The Sunday after the Fourth of July, Knapp attended services at Scotsdale Baptist, the El Paso church where she and Dwyer had been baptized together in 2004.
On the way out of the sanctuary, Knapp checked her phone and noticed an e-mail.
"I didn't know if you had heard or not," a friend wrote, "but I got an email from Matina this morning saying that Joseph had died on Saturday and that the funeral was today."
Knapp maintained her composure long enough to get herself and the children to the car. Then she lost it.

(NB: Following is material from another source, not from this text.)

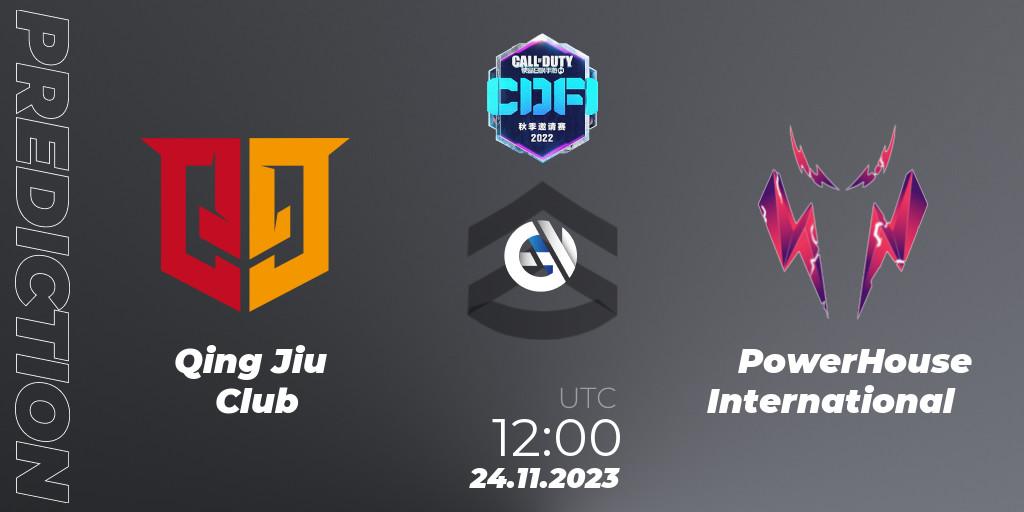Prognoza Qing Jiu Club - PowerHouse International. 24.11.2023 at 12:40, Call of Duty, CODM Fall Invitational 2023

The children asked what was wrong.
"Joseph is dead," she told them.
"You said he wasn't sick any more," Justin said.
"I know, Justin," his mother replied. "But I guess maybe the help wasn't working like we thought it was."
The kids were too young to understand acronyms like PTSD or to hear a lecture about how Knapp thought the system had failed Dwyer. So she told them that, just as they sometimes have nightmares, "sometimes people get those nightmares in their head and they just can't get them out, no matter what."
Has rates of PTSD risen during recent wars, or have they always been this high and society, and the suffering vets themselves, have deliberately ignored it?
Also a tragic case of how discrimination against the mentally ill is still rife in our society. We regard them as weaklings or demons in mortal form. The afflicted themselves are ashamed and afraid and refuse to let others know of their condition. That's no way to handle this widespread problem.